San Paisios del Monte Athos, Grecia (+1994)

“Un giovane vivace diceva all’Anziano: ‘Non c’è Dio. Non credo’.L’anziano gi rispose con bontà: ‘allora vieni vicino a me. Lo sai che la cicala che ora canta parla di Dio? Vedi questo gattino! Che bella pelliccia che ha, è migliore pure di quella di una regina!’ Il giovane si commosse alle parole dell’Anziano e la sua incredulità si addolcì”.

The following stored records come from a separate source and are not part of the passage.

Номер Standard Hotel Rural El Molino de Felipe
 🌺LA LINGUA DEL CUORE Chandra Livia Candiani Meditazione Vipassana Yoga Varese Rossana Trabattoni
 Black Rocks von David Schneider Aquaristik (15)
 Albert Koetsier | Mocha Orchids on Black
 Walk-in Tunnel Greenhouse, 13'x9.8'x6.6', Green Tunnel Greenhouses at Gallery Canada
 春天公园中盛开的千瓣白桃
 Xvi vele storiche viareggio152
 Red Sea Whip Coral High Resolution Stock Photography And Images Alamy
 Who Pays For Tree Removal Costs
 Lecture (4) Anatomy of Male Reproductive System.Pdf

“Una volta un professore universitario visitò l’Anziano e gli disse: ‘Ho difficoltà a credere che Dio esista. Sono un uomo colto, vivo in Occidente e tutto ciò che dici e fai si può spiegare razionalmente. Certo, esiste qualche forza, ma non posso accettare tutto quello che dici su Cristo e sui sacramenti’. L’Anziano dopo averlo ascoltato gli rispose con tono brusco: ‘Sei più stupido di una lucertola!’. Offeso dalle parole dell’Anziano il professore reagì. L’Anziano insistette: ‘In verità tu sei più stupido di una lucertola e te lo dimostrerò’. L’Anziano chiamò subito una lucertola. All’animaletto che corse da lui chiese se Dio esistesse. La lucertola si alzò su due zampe e chinò la testa dando con questo movimento una risposta positiva all’Anziano. Il professore ne fu sorpreso e iniziò a piangere. L’Anziano soggiunse: ‘Hai visto che tu sei più stupido di una lucertola? Essa sa che Dio esiste e tu, con la tua intelligenza, non hai compreso la sua esistenza’. Il professore lasciò la cella dell’Anziano tutto scosso”.

Fonte:

Hiéromoine Isaac, L’Ancien Paissios de la Sainte Montagne, L’Age d’Homme, Lausanne 2008.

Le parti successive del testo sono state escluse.